Review of The Assassin

The Assassin (2015)
7/10
This is a film made by a cinephile for a cinephile
19 September 2015
The Assassin (刺客聂隐娘) won Hou Hsiao-Hsien (henceforth HHH) the Best Director award at this year's Cannes Film Festival. This being a HHH film means that every scene is laden with meaning and metaphors. Sometimes shots will linger far longer than you need them to be and at other times shots will cut away faster than you thought they should. Dialogue is sparse but dense. Gaps are all over the narrative but HHH expects you to use your imagination to fill in the gaps. That means this is a wuxia film that doesn't tell the usual rip-roaring story with heightened music cues dictating how you should think. Hold your horses for Ip Man 3 in December for the usual cookie-cutter plot-lines. The Assassin will need you to put on your thinking cap.

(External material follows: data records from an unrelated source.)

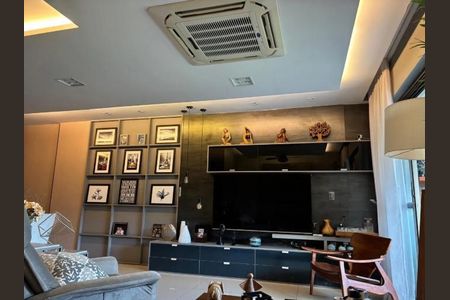 Sala de estar com móveis modernos e decoração minimalista, iluminada por lâmpadas de design. de apartamento à venda com 5 quartos, 112m² em Freguesia (Jacarepaguá), Rio de Janeiro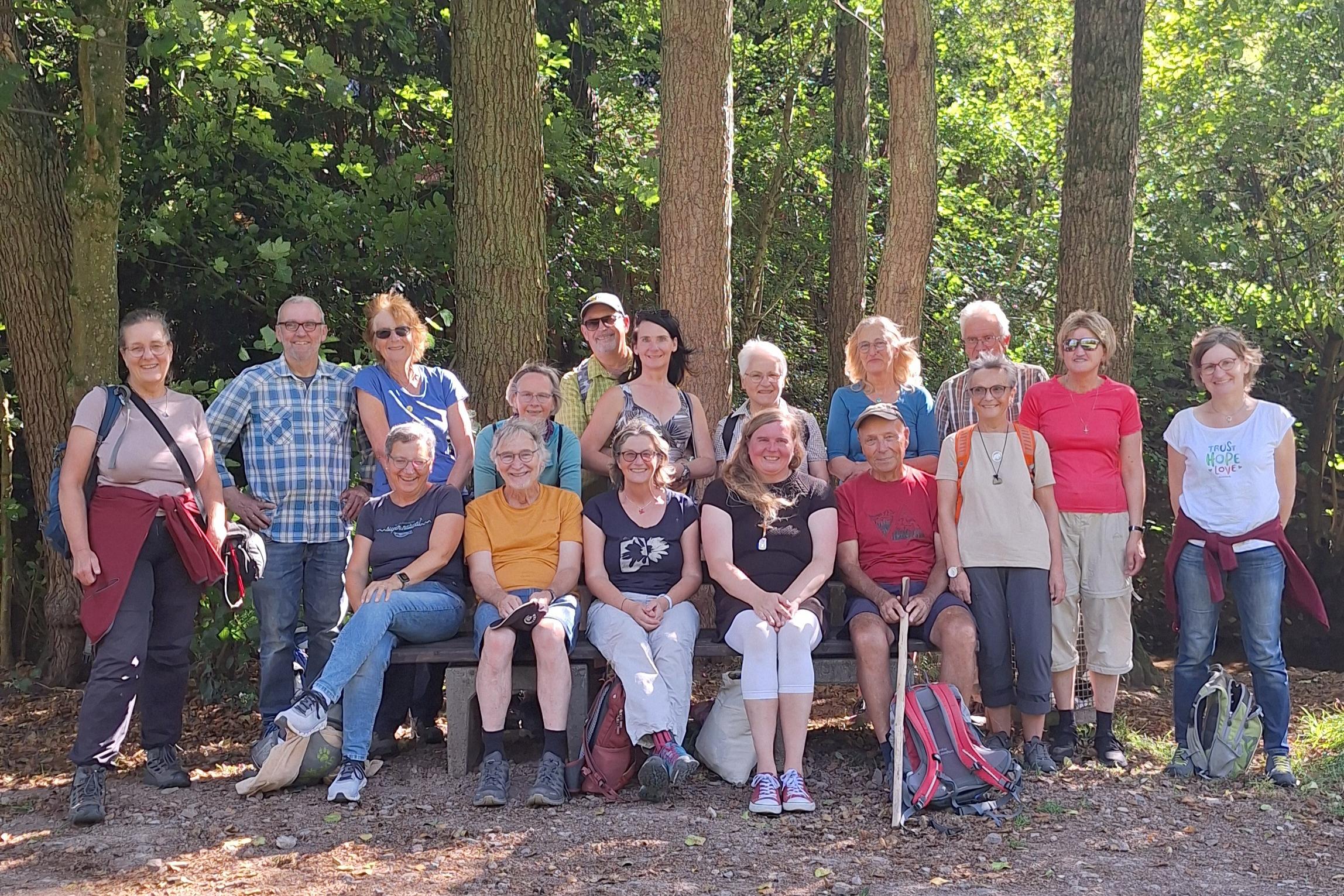 Gruppenbild der Teilnehmernden an der Pilgerwanderung.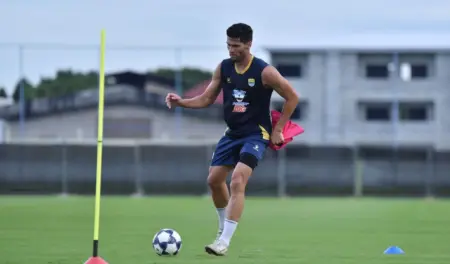 Julio Cesar Yakin Persib Akan Memainkan Pertandingan Yang Bagus Kontra Bangkok United Lini Pertahanan Semakin Solid, Julio Cesar : Saya Akan Selalu Persembahkan Yang Terbaik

HHH has distilled the lonely life of an assassin with stiletto focus, but without the clarity, in Academy 4:3 aspect ratio except for a few shots. This is a slow-burn of a film that has no regard for pace, but with total cognizance for equilibrium, tempo and rhythm. The shot composition is breathtaking without calling attention to itself. This is a feast for the eyes and succor for the soul. A day has passed since I saw it but some of the exquisite shots continue to linger in my mind, like the shot through flowing silk curtains and crackling candles. One of the final shots of the nun standing on a mountain top overlooking a breathtaking view of the valley completely took my breath away. Yinniang walks towards her and kneels down to pay her final respects, and the clouds at that precise moment envelop everything. HHH must have waited to get that one perfect beguiling long take, which is simply ravishing and resplendent.

Narratively and thematically, the film is determinedly inert, but it is never to its detriment. If you have seen HHH's films, you would know there is one way to watch movies and there is the HHH's way of watching one. For anyone not clued in to HHH's films, it would seem that The Assassin is stylistically fastidious, exasperatingly opaque and it could easily put anyone into a slumber, especially when action scenes are few and far in between. HHH's characters glide in and out with a lot of grace and posturing, but never with any falsity. I have to confess that I did find it at times frustrating and nearly nodded off a few times. However I kept my attention as sharp as I could because every shot is just beautiful to ogle at, even if the meaning feels elusive. The fun comes later. Over lunch my wife and I deconstructed the film and filled in the gaps. I cannot tell you how fun an exercise that is, especially when you are with the right partner.

The film excites us with words not spoken and actions not played out in the usual resolution. The Assassin is a game of sustaining every narrative element in the perfect stasis of mood and rhythm, and Hou Hsiao Hsien is the game master.